China memiliki lebih banyak pembatasan investasi asing dibandingkan Amerika Serikat, dan investor AS berharap satu traktat akan memberi mereka akses ke industri-industri yang sangat dikendalikan dari layanan finansial hingga kesehatan.


Tetapi tiga sumber yang mengetahui pembicaraan traktat itu mengatakan bahwa juru runding AS memperkirakan Beijing akan mengajukan “daftar negatif investasi” yang luas, denan mencatat bahwa dalam beberapa bulan terakhir negara ini menerapkan peraturan baru yang bisa semakin membatasi akses asing ke sektor-sektor sensitif.

“Setelah 35 tahun reformasi dan keterbukaan di China, ada cukup data yang mengisyaratkan bahwa sekarang sedang terjadi pemutarbalikan situasi,” kata salah satu sumber itu.

Kementerian perdagangan China tidak bisa dihubungi untuk dimintai pendapat, namun sebelumnya mengatakan bahwa investor asing menikmasi sejumlah kesempatan di China.

Beijing juga mengeluhkan pembatasan investasi China di sektor infrastruktur dan teknologi AS, dan mengatakan perusahaan-perusahaannya disasar dalam kajian keamanan nasional AS.

Akan tetapi China menyusun undang-undang seperti peraturan keamanan nasional dan LSM, yang dipandang oleh sejumlah pihak di komunitas bisnis asing sebagai agresif dan terlalu luas cakupannya.

Salah satunya adalah RUU Kemanan Nasional dan Anti-terorisme, yang bisa diundangkan tahun ini. RUU ini mewajibkan penggunaan teknologi “aman dan terkendali” dikembangkan di China.

RUU lain yang masih dibahas adalah RUU LSM asing harus memberi kekuasaan lebih besar pada polisi untuk mengawasi anggaran, agenda dan keputusan di bidang personalia.

Pesimisme Meluas

Langkah-langkah ini, ditambah kekhawatiran bahwa anggota badan legislatif China mensasar perusahaan asing dalam penyelidikan soal kompetisi, telah menyebabkan rasa pesimis tingkat tinggi di kalangan investor asing.

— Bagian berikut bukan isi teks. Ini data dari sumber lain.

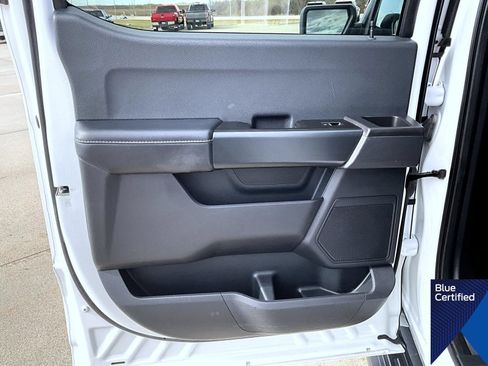 Certified 2024 Ford F150 STX w/ STX Black Appearance Package AWD/4WD image 21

Kamar Dagang dan Industri Amerika di China minggu lalu mengirim surat keluhan atas RUU keamanan kepada pemerintah China.

“Surat itu merujuk pada pertanyaan dasar mengenai apakah komitmen China untuk membua pasarnya bagi investasi asing di masa depan akan menghasilkan tujuan yang diharapkan,” ujar KADIN AS dalam surat itu seperti dikutip Reuters.

Disebutkan bahwa RUU ini berisiko “membahayakan perundingan BIT (Traktak Investasi Bilateral yang sedang berjalan”.

Hubungan komersial juga diperumit dengan tuduhan Washington bahwa peretas China bertanggungjawab atas serangan teradap badan pemerintah dan perusahaan Amerika yang baru-baru ini terjadi.

Minggu lalu para pejabat AS menuduh peretas China membobol basis data pemerintah untuk mencuri dokumen empat juta pegawai federal. Ini adalah tuduhan mata-mata paling akhir yang dijatuhkan kepada China. Para pejabat China mengatakan klaim itu tidak ilmiah dan tidak bertanggungjawab.

Semua ini akan membayangi perundingan tingkat tinggi strategis dan ekonomi AS-China yang akan berlangsung Juni ini.